New research by Bain & Company has analysed more than 35,000 statements made by 150 leading companies to find out whether the recent rhetoric about an ‘ESG Winter’ is true.

Using AI to comb through statements and reports, the research found that chief executives are shifting from viewing sustainability as compliance and are increasingly looking at the value that strategies and initiatives can create.

Bain & Company analysed statements from as far back as 2018 and now claim that a de-prioritisation of sustainability witnessed in the last two years is “bottoming out”.

“After the initial years of bold ambitions and target setting, chief executives took a reality check on their sustainability agenda last year. Today, CEOs might speak less about sustainability, but what they lack in words, they make up in action, a phenomenon we call the ‘do-say’ gap,” said Jean-Charles van den Branden, Bain’s global sustainability practice leader.

“We have identified profitable decarbonisation levers ready for companies to power their net-zero journey. To succeed, companies need to accelerate what already works, anticipate disruptions, and build robustness.”

Bain also used its research to identify what sustainability actions were compatible with a profitability mindset. It found that 25% of global carbon dioxide emissions can be abated profitably today, through “ROI-positive levers” such as energy efficiency upgrades, building circular design principles, or supporting supply chain localisation.

An additional 32% of emissions reduction levers could become profitable in the medium term, the report finds, depending on policy, technology, and customer preference changes.

On the customer front, the research also surveyed more than 14,000 consumers across eight countries, finding that 80% still care about sustainability, even during geopolitical uncertainty and rising cost-of-living issues.

The research also surveyed 750 global B2B organisations across automotive, packaging, chemicals, machinery, metals, and construction companies. It found that more than 50% prioritise purchasing from more sustainable suppliers and almost 70% plan to increase purchases from such suppliers over the next three years.

AI appetite

Bain & Company also found that there is a surging demand amongst corporates to utilise AI to cut emissions and improve efficiencies.

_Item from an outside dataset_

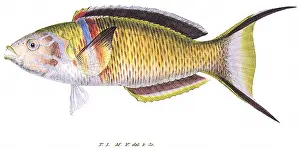 Lowe: Ornate Wrasse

Of the 400 C-suite and sustainability executives surveyed, almost 80% believe that AI can provide significant contributions to the sustainability agenda. More than 50% are still in the piloting stage when it comes to AI in ESG applications.

However, the research warns of a growing reliance on AI. In a high-growth scenario, the research found that AI data centres could emit 810 million metric tons of carbon dioxide annually by 2035, or 2% of global emissions and 17% of industrial emissions.

Spending on SMEs

In related news, a new survey from money.co.uk of more than 500 UK small and medium-sized businesses (SMEs) has highlighted the barriers that are stopping smaller firms from implementing sustainability measures.

The research found that 44% of UK SMEs see financials as the biggest barrier to ESG implementation. Other issues include up-front costs of solutions (38%) and a lack of knowledge and information on ESG (36%).

According to the Federation of Small Businesses (FSB) just a quarter of small businesses in the UK expect to reach net-zero by 2050.